Je ne sais pas si vous vous êtes déjà promené avec deux jeunes enfants, disons de 18 mois et 3 ans et demi, pour aller au parc le plus proche… mais 800 mètre pour s’y rendre ça ne m’apparaît pas vraiment qualifiable d’accessible. Pas si on compte s’y rendre à pied. Parler de 300 mètres me semble plus raisonnable. Je n’ai pas encore pu rejoindre le responsable de l’arrondissement sur cette question pour savoir si son service avait utilisé une « norme » particulière ou si c’était le fruit du « gros bon sens ». C’est encore utile, le gros bon sens…

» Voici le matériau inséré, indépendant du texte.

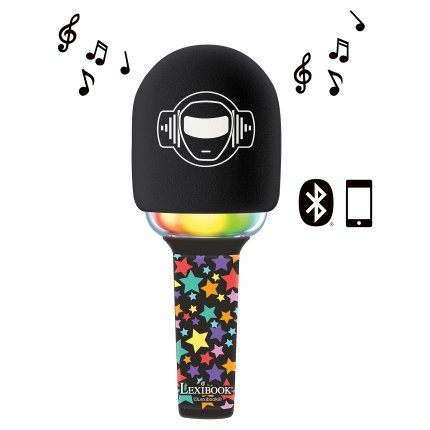 Svetleči brezžični karaoke mikrofon
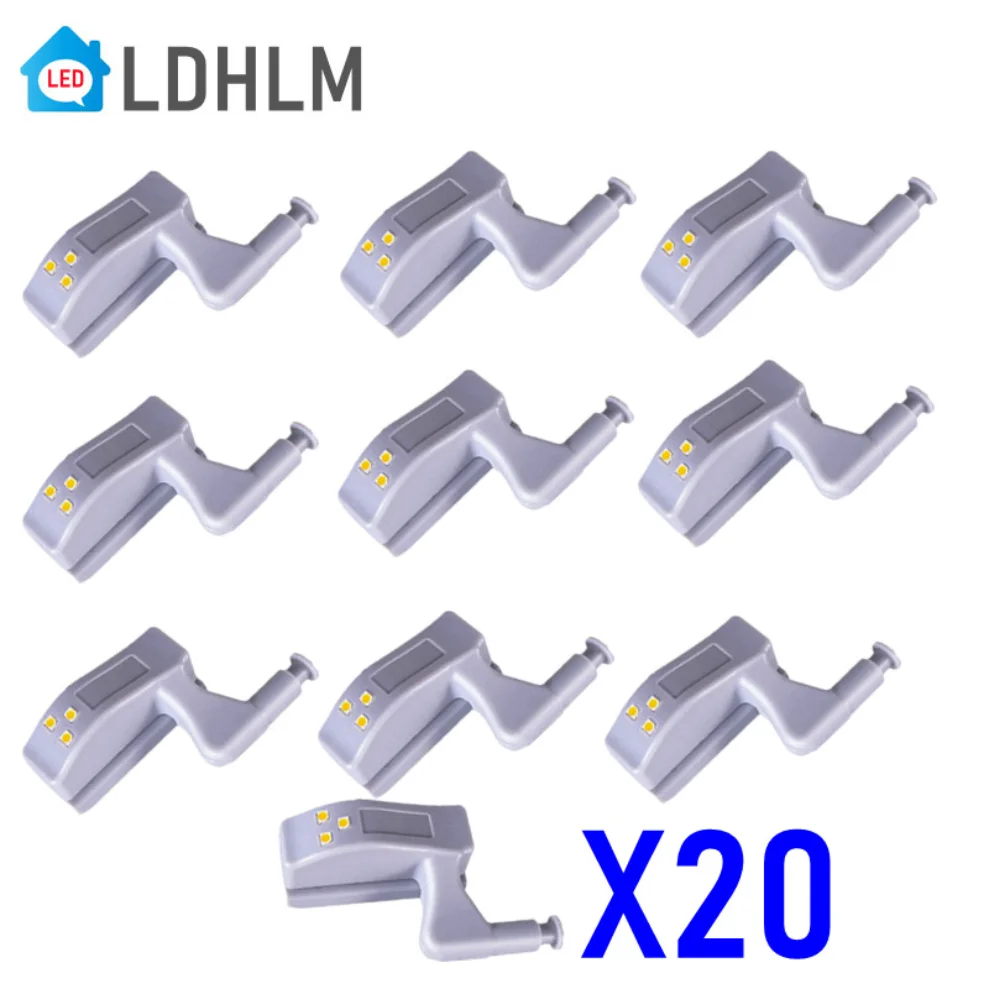 LDHLM-Lampe LED à Charnière Intérieure Universelle, Lumières à Induction pour Armoire, Garde-Robe, Panneau Chi, Capteur, Chambre, Cuisine, Placard, Veilleuse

Mais revenons aux revues de littérature. J’ai finalement compris ce qui me chagrinait dans le type de revues qui se permettent d’additionner les résultats d’études comme si on faisait des méta-analyses − c’est-à-dire en amalgamant les bases de données afin d’augmenter la puissance des analyses et la validité des conclusions. C’est en lisant cet autre document, L’impact de l’environnement bâti sur l’activité physique, l’alimentation et le poids, réalisé par l’INSPQ à la suite d’une demande du ministère des Affaires Municipales. Plutôt que d’établir une norme précise (genre 800m) et de l’utiliser de manière dichotomique (passe ou passe pas), on y parle plutôt de relations graduées, de corrélation (ex : « le nombre d’infrastructures de loisir présentes augmentait avec le niveau socio-économique du quartier »). Une approche qui a le mérite de garder ouverte la possibilité que la norme change, que les exigences sociales évoluent, ou encore que notre compréhension de l’effet de proximité devienne plus subtile.
N’a-t-on pas affirmé, avec la vigueur d’une « vérité scientifique », pendant des années qu’il fallait au moins pratiquer l’exercice physique de manière vigoureuse pendant au moins une heure chaque fois, et au moins trois fois la semaine… pour que cela vaille la peine et qu’on puisse en mesurer les effets sur la santé ? Cela avait eu pour conséquence de « décourager » la majorité de ceux qui ne pratiquaient pas de « sport extrême ». Aujourd’hui on (OMS) parle de périodes réduites (à coups de 5 minutes) qui peuvent s’accumuler, et d’activités physiques beaucoup moins exigeantes.
On peut espérer que la « norme » de 800 mètres, utilisée pour établir l’accessibilité des espaces verts et équipements sportifs, sera elle aussi, ramenée sur le terrain des vaches… et qu’en attendant les élus municipaux ne l’utiliseront pas pour se déresponsabiliser. Ce qui est peu probable, car les élus sont aussi élus par des gens âgés, dont la fragilité va grandissante, et pour qui, 800 mètre (1,6 km aller-retour) n’équivaut certainement pas à accessibilité.
Bon, je n’ai pas vraiment conclu sur les 3 revues réalisées autour du programme SIPPE. J’y reviendrai.